Exercise requirements :: Copy each line below exactly and leave the pictures out.

Information provided ::
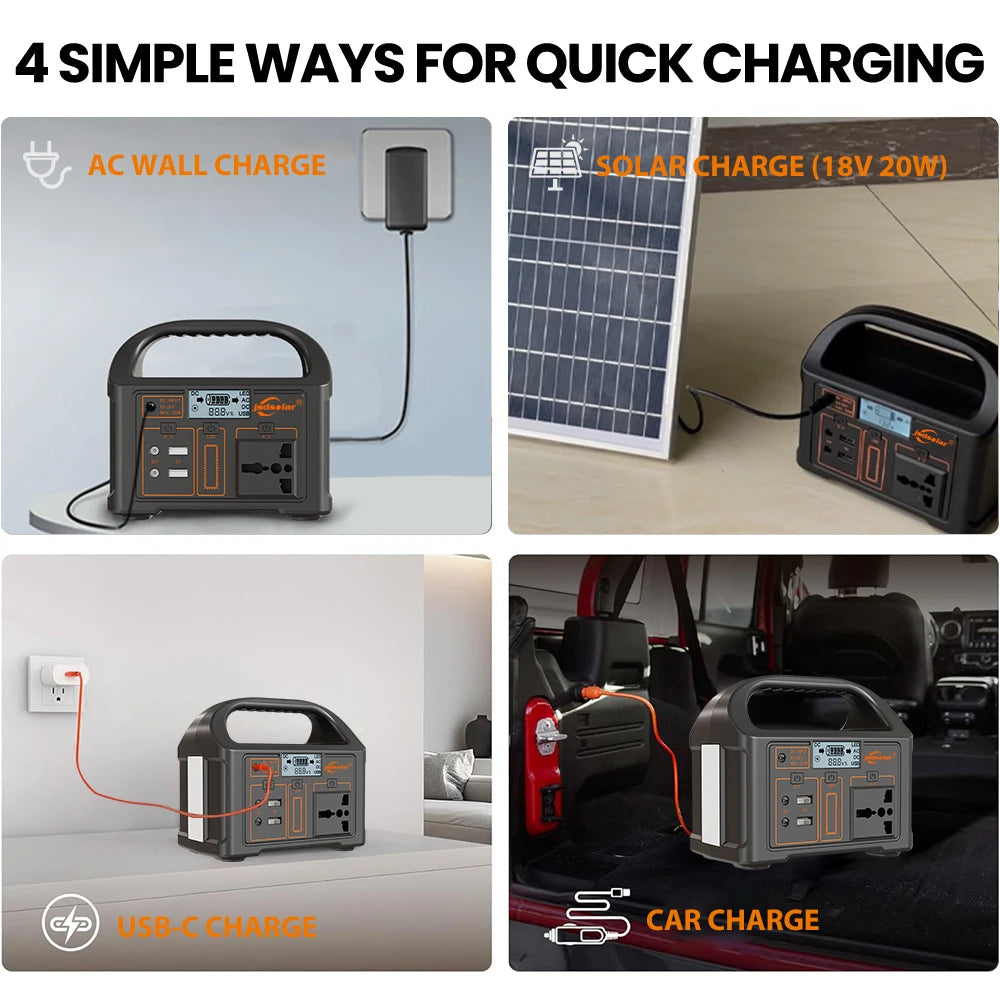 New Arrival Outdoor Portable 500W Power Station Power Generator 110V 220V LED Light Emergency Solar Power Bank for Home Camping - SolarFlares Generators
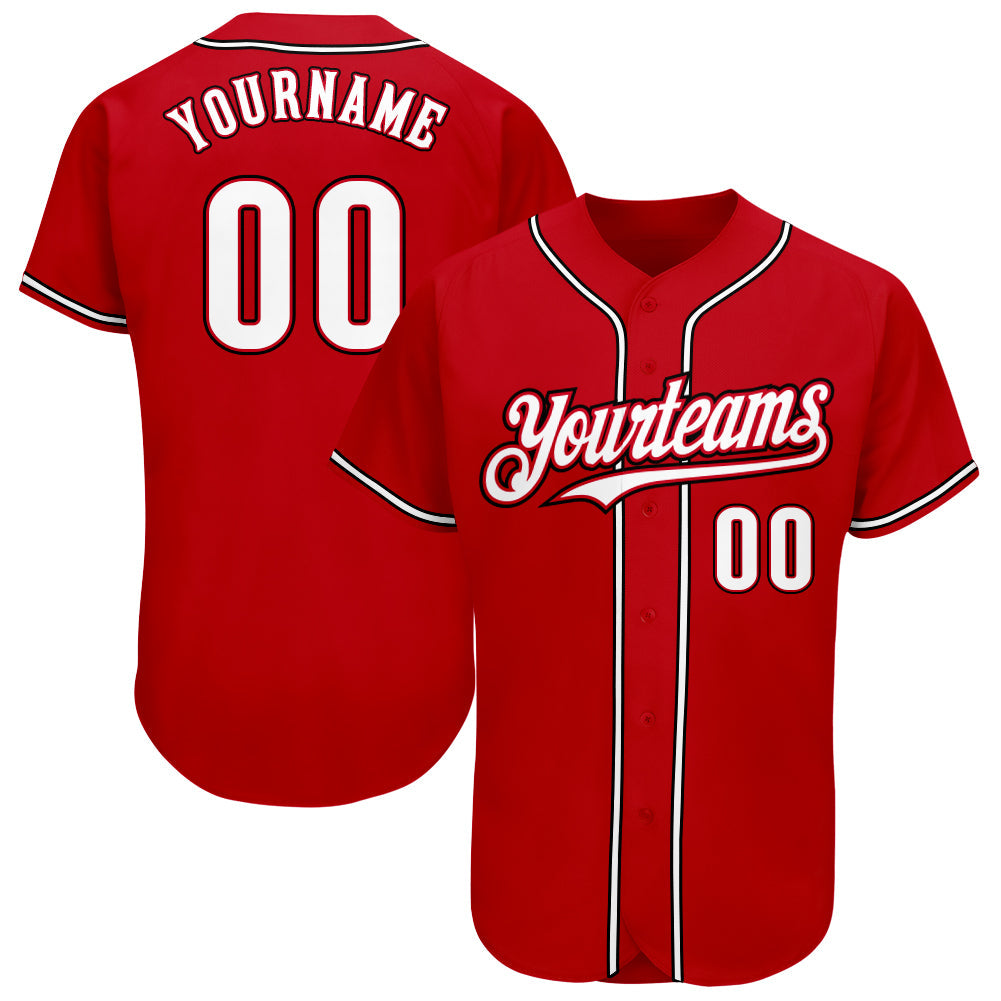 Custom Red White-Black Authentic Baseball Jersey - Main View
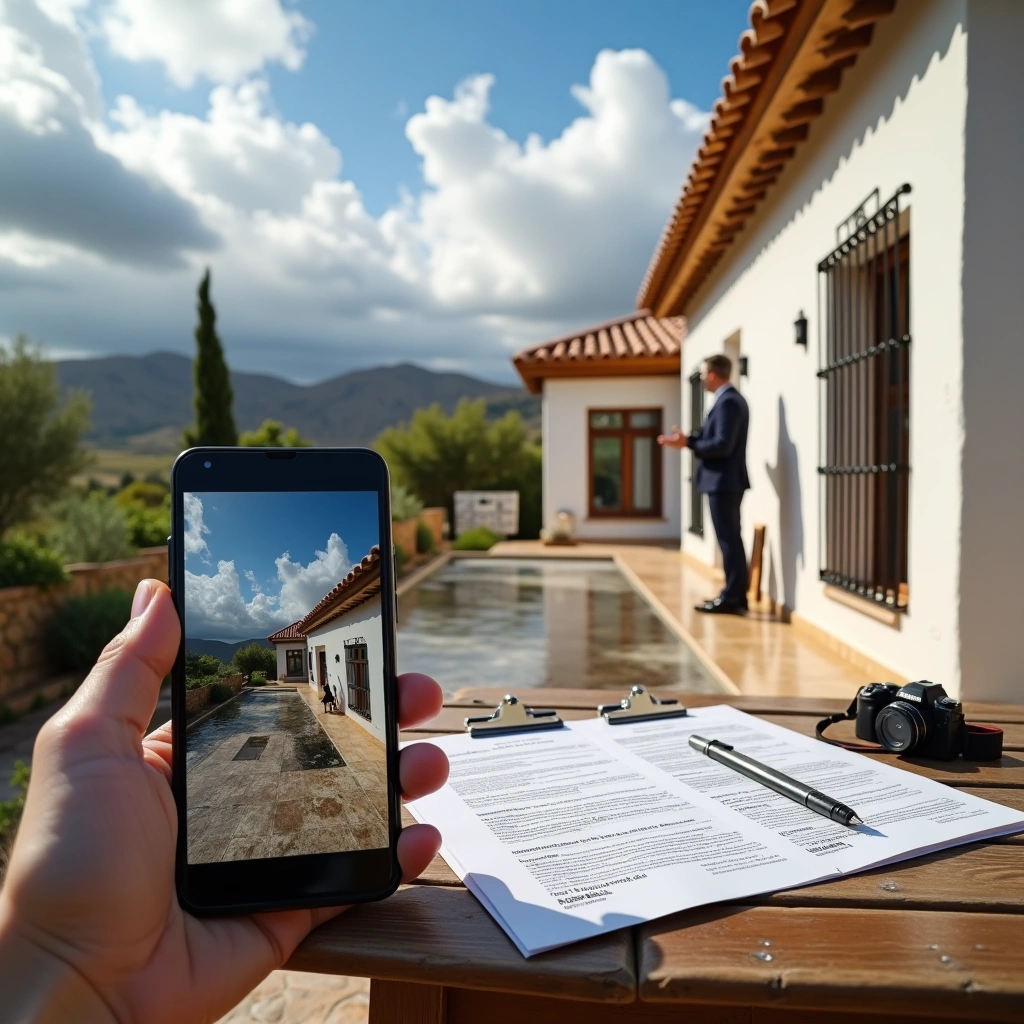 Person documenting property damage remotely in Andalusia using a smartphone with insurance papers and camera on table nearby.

Exercise solution ::
 New Arrival Outdoor Portable 500W Power Station Power Generator 110V 220V LED Light Emergency Solar Power Bank for Home Camping - SolarFlares Generators
 Custom Red White-Black Authentic Baseball Jersey - Main View
 Person documenting property damage remotely in Andalusia using a smartphone with insurance papers and camera on table nearby.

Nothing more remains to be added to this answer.